Subject: Neutron activation scare/non-issue
Date: Feb 18, 09:57 am
Poster: Richard Hull
On Feb 18, 09:57 am, Richard Hull wrote:
Doug Fix has a point on this matter, although it is really "much a' do about nothing."
"Professional" Fusioneers seeking to keep their ranks unsullied by amateurs will often try and frighten such perceived dilettantes off with a number of fear tactics. Some of what they profer is valid, some hysterical scare tactics. Most such pro's would drool over an amateur's ability to quickly and dangerously activate a small fusor chamber, as they can't do it themselve and it would indicate a level of operational success they are seeking desparately.
It is as Sir Frances Bacon once noted and I paraphrase regarding your reading of anything......"Read not to confute nor confound, nor to blindly accept or give idle discourse, but instead, to weight and consider".
First of all, all materials will neutron activate over time. The degree of activation and the activities involved are related to the degree of neutron thermalization, the cross section of the material, flux density and the time of exposure.
At our basement level of amateur operation and due to the short experimention run periods involved, the only significant activiation, if any, will be of ultra short lived isotopic materials of sizable neutron cross section.
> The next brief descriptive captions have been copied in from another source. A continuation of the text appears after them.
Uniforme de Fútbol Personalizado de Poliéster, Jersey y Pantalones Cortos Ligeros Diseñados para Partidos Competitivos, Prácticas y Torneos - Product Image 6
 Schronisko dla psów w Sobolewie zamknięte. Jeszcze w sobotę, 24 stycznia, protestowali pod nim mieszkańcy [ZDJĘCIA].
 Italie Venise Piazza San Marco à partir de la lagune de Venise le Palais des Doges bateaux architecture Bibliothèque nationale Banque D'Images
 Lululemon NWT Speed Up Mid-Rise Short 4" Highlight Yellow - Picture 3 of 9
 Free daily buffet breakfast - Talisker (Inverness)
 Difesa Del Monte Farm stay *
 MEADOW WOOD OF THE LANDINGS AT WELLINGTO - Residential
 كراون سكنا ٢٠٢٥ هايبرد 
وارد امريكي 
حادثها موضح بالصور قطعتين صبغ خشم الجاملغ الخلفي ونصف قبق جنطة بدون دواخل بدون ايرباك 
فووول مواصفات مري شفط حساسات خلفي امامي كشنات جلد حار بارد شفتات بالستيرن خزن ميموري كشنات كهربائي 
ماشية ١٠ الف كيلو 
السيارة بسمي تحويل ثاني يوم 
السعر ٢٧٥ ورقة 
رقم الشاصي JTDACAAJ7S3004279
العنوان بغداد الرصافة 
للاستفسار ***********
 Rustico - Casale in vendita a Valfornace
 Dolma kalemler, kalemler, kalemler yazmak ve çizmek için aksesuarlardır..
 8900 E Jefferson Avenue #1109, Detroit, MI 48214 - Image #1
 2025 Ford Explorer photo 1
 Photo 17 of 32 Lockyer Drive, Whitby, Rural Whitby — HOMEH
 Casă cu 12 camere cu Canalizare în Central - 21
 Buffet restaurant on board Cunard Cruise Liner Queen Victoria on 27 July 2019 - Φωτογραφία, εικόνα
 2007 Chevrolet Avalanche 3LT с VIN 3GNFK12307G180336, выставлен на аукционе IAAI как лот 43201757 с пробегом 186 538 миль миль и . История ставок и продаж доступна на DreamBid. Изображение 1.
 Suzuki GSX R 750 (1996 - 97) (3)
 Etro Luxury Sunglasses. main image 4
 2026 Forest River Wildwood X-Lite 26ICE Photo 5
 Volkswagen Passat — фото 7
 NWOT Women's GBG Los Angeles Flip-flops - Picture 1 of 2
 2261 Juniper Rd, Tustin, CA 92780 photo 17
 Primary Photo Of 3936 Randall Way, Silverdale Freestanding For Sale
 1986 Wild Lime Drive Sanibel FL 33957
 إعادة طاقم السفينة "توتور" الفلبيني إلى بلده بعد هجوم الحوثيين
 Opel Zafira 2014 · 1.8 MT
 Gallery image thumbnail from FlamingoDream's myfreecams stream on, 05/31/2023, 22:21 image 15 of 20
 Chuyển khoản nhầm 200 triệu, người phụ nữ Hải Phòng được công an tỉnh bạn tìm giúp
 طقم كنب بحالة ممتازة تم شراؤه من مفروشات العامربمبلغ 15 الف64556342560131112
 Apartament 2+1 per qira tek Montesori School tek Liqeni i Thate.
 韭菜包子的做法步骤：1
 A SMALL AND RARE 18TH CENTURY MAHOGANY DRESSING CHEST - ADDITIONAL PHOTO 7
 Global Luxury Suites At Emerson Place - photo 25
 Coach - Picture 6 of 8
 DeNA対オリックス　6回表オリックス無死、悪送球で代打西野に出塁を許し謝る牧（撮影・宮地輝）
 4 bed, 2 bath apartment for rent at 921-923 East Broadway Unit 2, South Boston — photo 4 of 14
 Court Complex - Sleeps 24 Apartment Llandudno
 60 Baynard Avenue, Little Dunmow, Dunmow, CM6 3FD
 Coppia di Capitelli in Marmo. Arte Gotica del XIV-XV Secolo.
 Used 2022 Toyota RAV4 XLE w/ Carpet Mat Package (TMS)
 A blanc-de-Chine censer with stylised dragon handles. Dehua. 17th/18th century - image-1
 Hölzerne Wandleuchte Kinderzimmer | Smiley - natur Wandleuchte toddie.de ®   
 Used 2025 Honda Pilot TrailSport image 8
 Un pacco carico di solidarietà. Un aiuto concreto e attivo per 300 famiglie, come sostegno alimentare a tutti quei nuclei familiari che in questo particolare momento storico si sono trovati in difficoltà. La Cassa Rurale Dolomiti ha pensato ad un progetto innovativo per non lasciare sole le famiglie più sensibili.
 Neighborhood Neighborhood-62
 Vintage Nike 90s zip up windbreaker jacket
Gadolinium, indium and the like are superb examples and can be considered valuable instrumentational aids. The actual flux density in our devices will be extremely low. The operational run time at any level will be, hopefully, very short (research runs). Our chambers are small, mostly of low cross section material and thin. They will thermalize and capture very few fast neuts per unit time. In short, unless you leave one of these things running at 10KW input power for hours and hours, there will be little activation of the chamber to create some sort of hazard should you ever get bold enough or silly enough to actually disgard the entire system you have spent a small fortune making!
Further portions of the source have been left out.